[SOLVED] STOP 0xD1 when playing full-screen games

NotWD · Feb 6, 2020

Okay, so, recently I've started experiencing NVIDIA kernel-mode display driver crashes and blue screens (STOP code in thread title, of course) when placing significant load upon my six-year-old GTX 760. There is a small wrinkle here, though:

Gaming in full screen will absolutely lock up the whole rig and produce a D1 STOP error if I don't hold the power button down. These STOPs all blame the NVIDIA kernel mode graphics driver.
When NOT in full screen and applying significant stress to the GPU (for example, when using the Unreal Editor), the GPU driver seems to just crash silently and recover. UEd is good at handling this situation so I don't get a screen flicker, it just locks up, crashes and leaves the OS intact.

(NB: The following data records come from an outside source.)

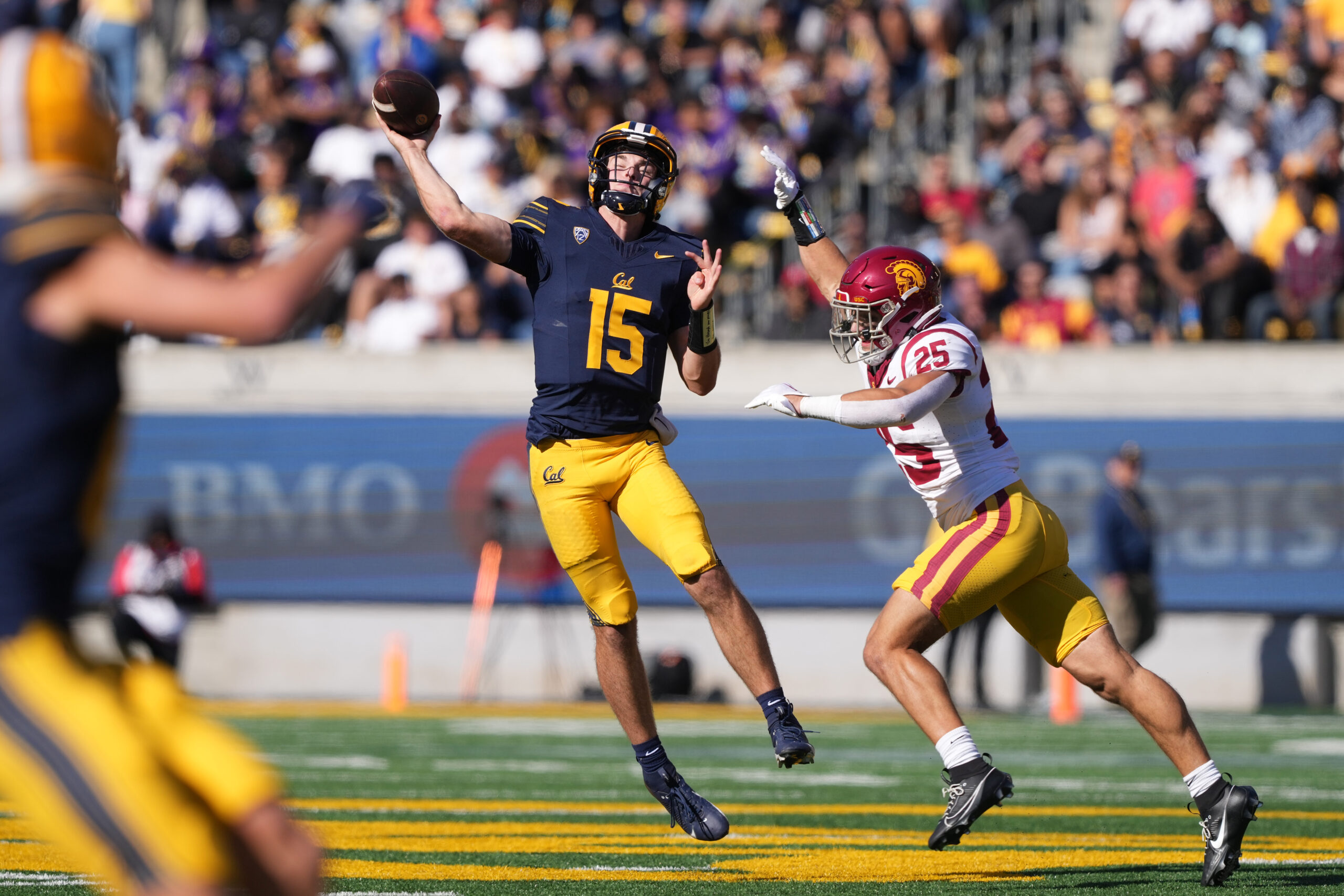 Oct 28, 2023; Berkeley, California, USA; California Golden Bears quarterback Fernando Mendoza (15) throws a pass against USC Trojans linebacker Tackett Curtis (25) during the second quarter at California Memorial Stadium.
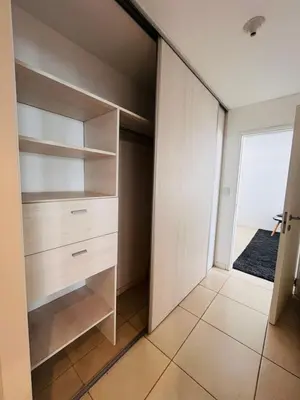a walk in closet with wooden cabinets and a window at Cardinales in Cordoba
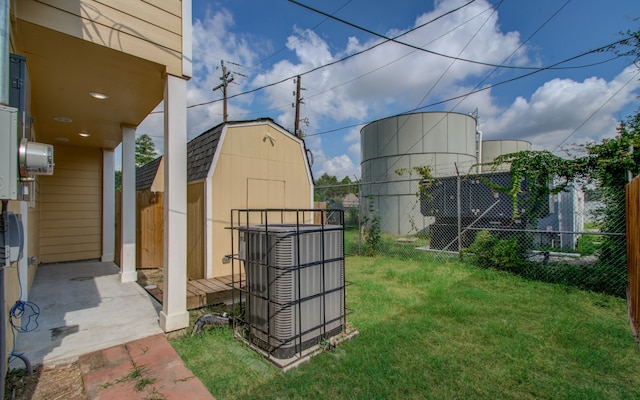 view of yard featuring central air condition unit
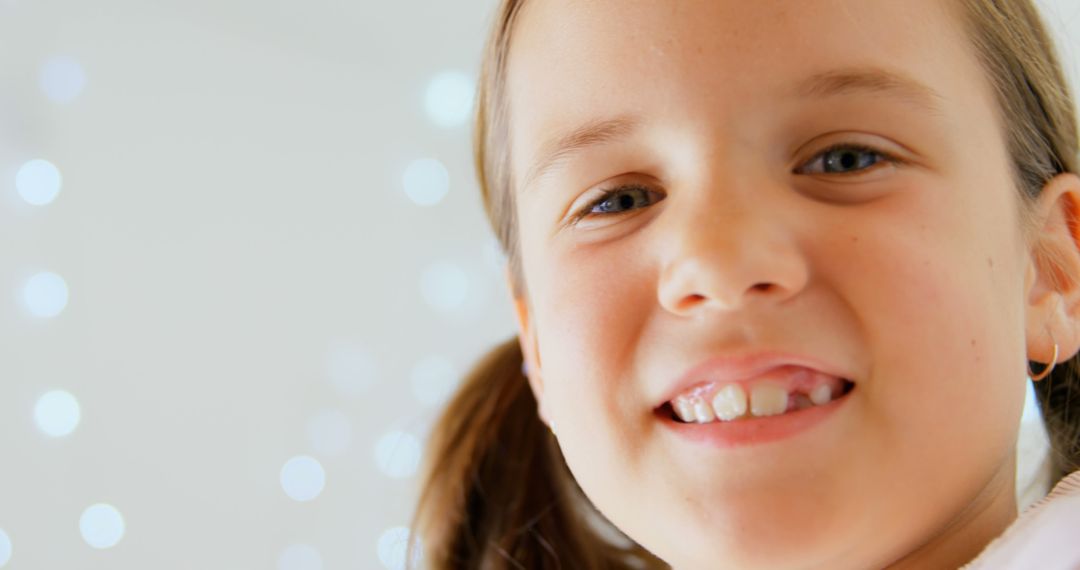 Joyful Girl Smiling in Soft Light with Out of Focus Background - Free Images, Stock Photos and Pictures on Pikwizard.com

In the split second before a full-screen game would crash Windows and generate a D1, though, I get artifacting. Usually snowflake artifacts, though some games like FFXIV will let me play for a moment with alpha-to-coverage (black square) artifacts before BugChecking into a D1 STOP. Since I'm running in maximum power mode in an oven of an apartment, GPU temperature usually climbs to around 72 C before crashing while CPU temp usually hovers around 64 C.

Things I have tested to eliminate components and drivers:

Loading the RAM with contiguous data to eliminate memory errors. I have run a particularly heavy FL Studio project (full of instances of EastWest PLAY 6 with Hollywood Orchestra parts loaded, for an idea of just how much data is being loaded into RAM). No crash.
Running a heavy DSP chain with Ozone 8 on the master in that same project, which has FL's CPU meter hovering around 70 in the same project. No crash.
PLAY 6 will stream its audio data from disk when RAM is unavailable. Since I have 16 GB, it has to do this regularly. This does not cause any issues.
Checked the motherboard for busted caps. There are none.
Reinstalled the NVIDIA drivers using the Display Driver Uninstaller in safe mode. They still crash when the GPU is under stress.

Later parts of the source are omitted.